When buying a house you should be well prepared. There are many
more things to keep in mind than just looking at a house or area
It is often recommend to be pre-approved by a mortgage lender
before entering the market to buy a house. A pre-approval will
already tell you for how much loan you qualify.
When a mortgage lender reviews
your loan application for approval, he will be concerned about
the source of funds for your down payment and the closing costs.

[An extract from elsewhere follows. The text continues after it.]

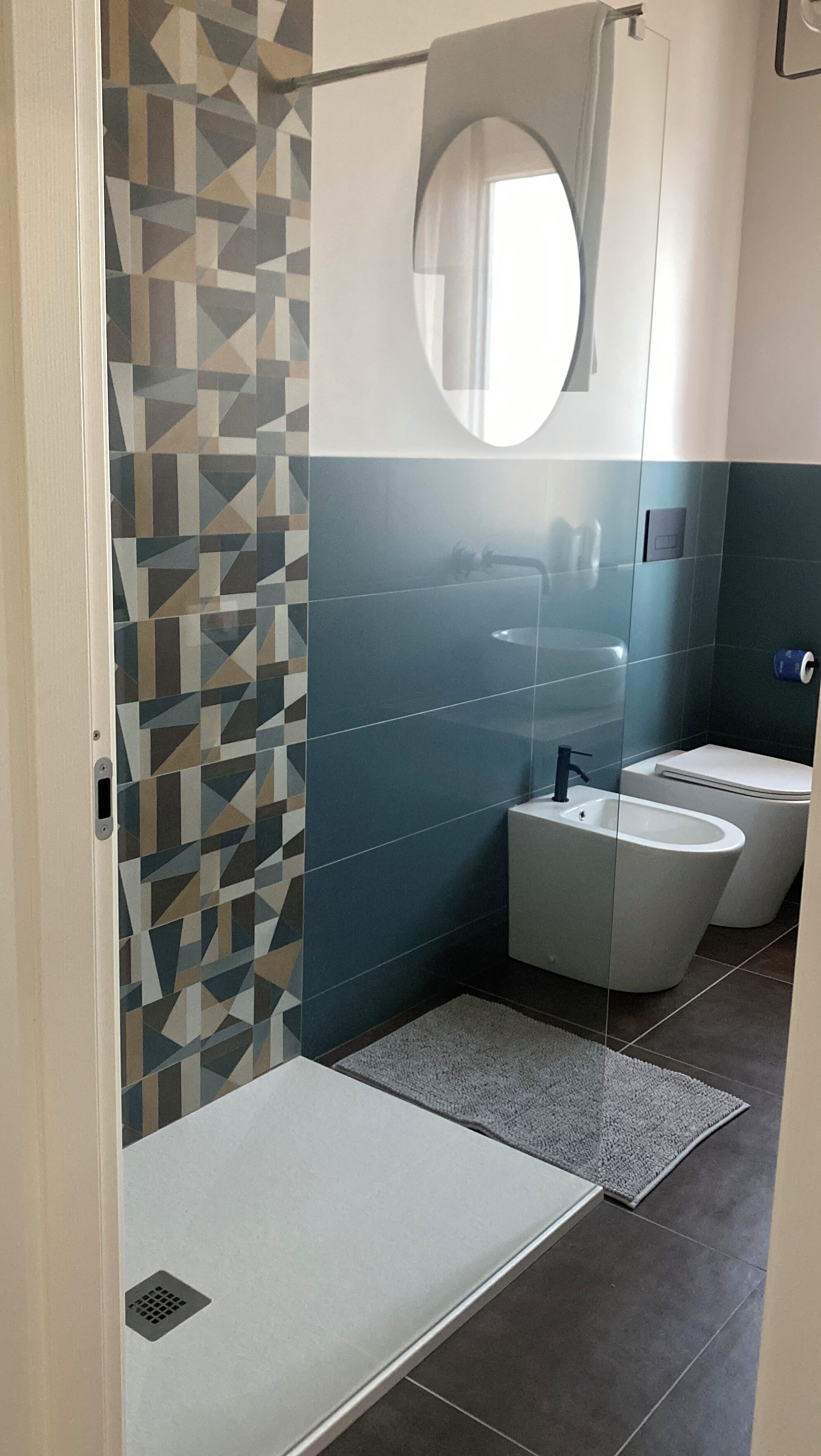 Dusche, Haartrockner, Bidet, Handtücher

Don't move your money around between accounts. The lender will
ask for statements for each account and it has be highly visible
where your available assets are. Moving money around between
accounts make this a difficult tasks and lenders do not like
to see money being moved around as it raises suspicion of where
the money is coming from at all. The mortgage underwriter will
eventually require paper trail for each and every dollar if the
source of the money cannot be seen. Don't switch banks and leave
your money where it is.
Do not change jobs if possible. This can especially be critical
if you work in a commission-based job/industry. Lenders like to
see a steady increase in income. The more stable your income history
is, the better. Large fluctuations - especially when working on
commission - can have a negative impact on the loan approval or
the loan amount. Do not quit a job to become self-employed shortly
before or during the loan approval process. That would be "committing
loan approval suicide".
Stay away from any major loan-based purchase before and during
the loan approval process. Additional loan payments will reduce
the loan amount you would have otherwise qualified for.